Dutifully, I put the bottle back on the shelf, and pushed on that bastard of a trolley, my ego limping behind me. After dodging aunties, runaway children, and a sense of purpose, I arrived at the coffee aisle. The shelves were lookin’ thin. My usual brand was gone. Off the shelf. Vanished. Probably inflation, or got itself fucked by some fancy new blend. Left me staring at other instant sludge like a sad junkie with no fix. My eyes drifted, reluctantly, to Davidoff. Ah, Davidoff. Smooth. Sophisticated. And expensive. That ain’t coffee no more—that’s a financial decision.
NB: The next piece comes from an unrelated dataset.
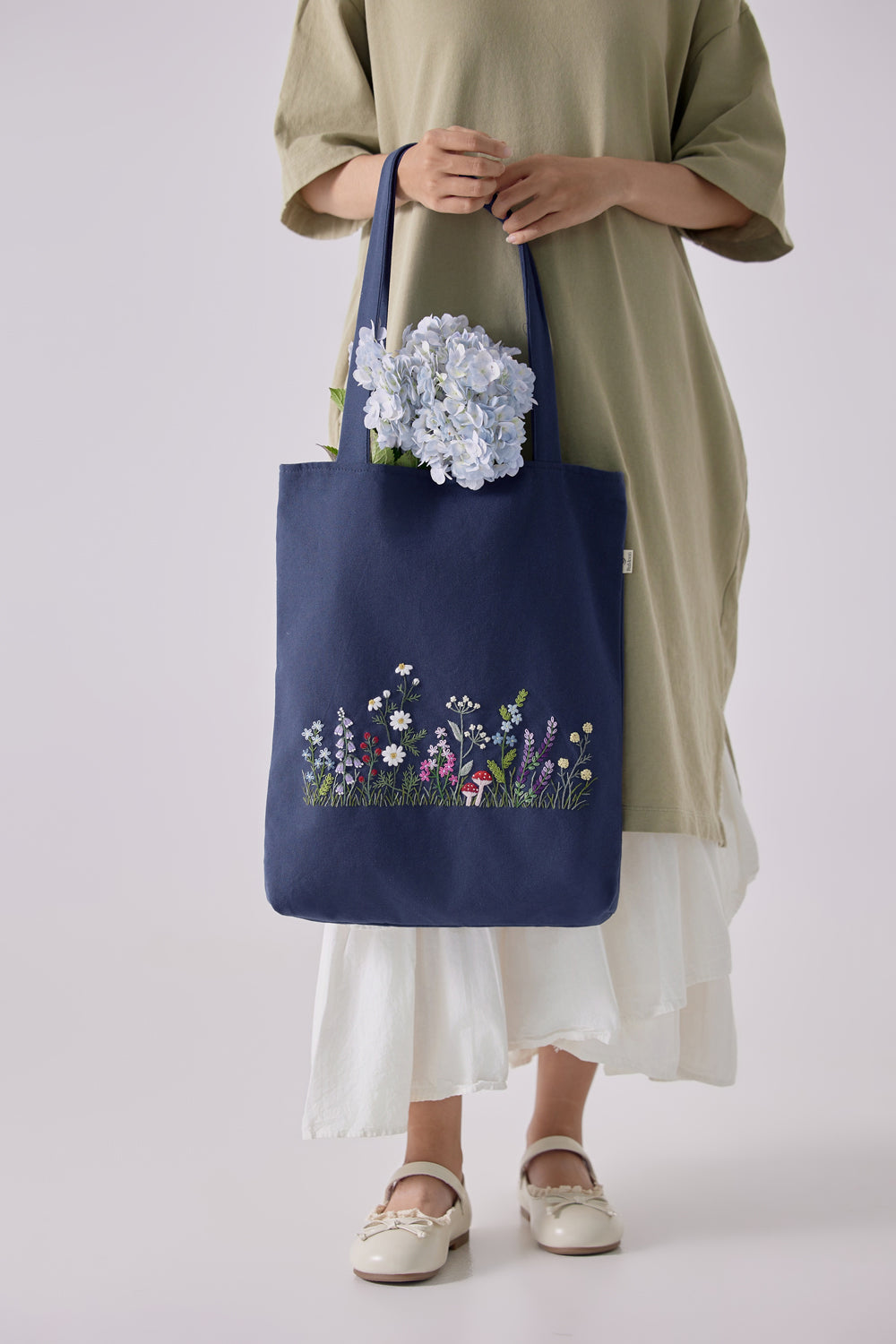 Wildflowers Garden Embroidery Tote Bag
I stared at it the way a poor man looks at a luxury car. Admiration… mixed with an understanding that this relationship ain’t meant to be.
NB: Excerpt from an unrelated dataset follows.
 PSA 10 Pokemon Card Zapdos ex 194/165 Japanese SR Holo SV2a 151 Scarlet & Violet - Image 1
My eyes darted across various other brands, till I saw it. In all its glory. In all its shame.

PRIME COFFEE

Now that name… that name had confidence. Confidence usually reserved for people who’ve never been told “no” in their life. It sat there like it owned the whole damn shelf.

And it was home-grown.

‘Hayatabad, Peshawar’ it said on the label.

Peshawar?!

Now I had to pause.

The ancient city of saints and mystics. A place that’s been breathing stories since the days of Alexander the Great. Its streets carrying the dust of caravans and prayers, colors spilling out of every bazaar, voices rising like smoke from copper kettles. And somewhere in all that rhythm… there’s kehwa. Golden, fragrant, patient. Brewed slow – wisdom earned the hard way.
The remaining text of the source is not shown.